I have an Employee table and a CustomerOrders table. Both of these have address as their field, i.e Employee has Employee_address and CustomerOrders has Customer_address.

I am using Mapping to load these tables. If there is a match in the address, the column stores 'Y' else 'N'

My script is as follows:

mapIsEmployee_Addr:
mapping
LOAD
UPPER(Trim("Address1")&'-'&Trim(City)) as Employee_Address,
'Y'
FROM ...//filepath

 

Applymap('mapIsEmployee_Addr',%CustomerAddr,'N') as isEmployee_Addr

 

I thought this was working just fine until I realized that there are some addresses which are the same but weren't matched because some of them are stored as 'lane', 'Street', Boulevard' in one table and as 'Ln', 'St', or 'Strt', 'blvd'or 'bld'  in the other.

I thought of using WildMatch but I'm unsure if that would do the work. Any suggestions as to what could be done?

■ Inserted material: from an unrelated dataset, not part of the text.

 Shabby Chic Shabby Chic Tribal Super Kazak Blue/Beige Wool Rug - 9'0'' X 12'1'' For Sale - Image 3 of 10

Any help is highly appreciated.

Thanks!

Labels (6)
2 Replies
Or
MVP
MVP

Standardizing addresses is quite a task - even if you added some replacement wildcards you'd likely only part of it right. Making matters worse, you can't always assume a given set of letters will mean the same thing in every context - for example, 'st." can be "street" or "saint" (or it could be other things, possibly), and then there's the issue of spacing, hyphenation, using a period or not, etc. You can't even trust a fuzzy search here, because two addresses for different locations on the same street are more similar textually than "Boulevard" is to "bld".

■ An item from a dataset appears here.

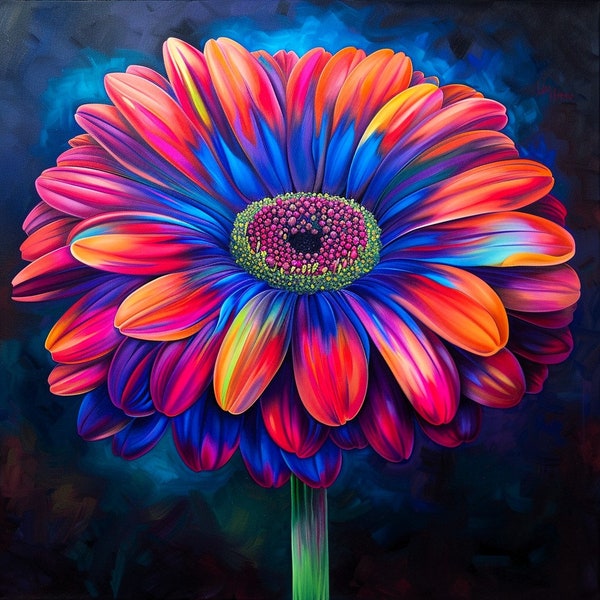 Vibrant Gerbera Daisy Psychedelic AI Digital Art Print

There are companies / services / tools that will try and do this for you, and you could probably do this yourself to some extent using Google Maps API or similar approaches, but if your data set isn't too big, you may want to consider fuzzy matching all of the non-identical addresses, returning the nearest match for each, and then manually correcting the data if you find ones that should be a match.

I picked this one out of a Google search - perhaps it will assist you in figuring out the best approach to try here. I'm in no way affiliated with the website in question and I have not used it myself. https://www.placekey.io/blog/how-to-standardize-address-data

 

sanp96
Contributor III
Contributor III
Author

Thanks a lot! I'll check the website you shared.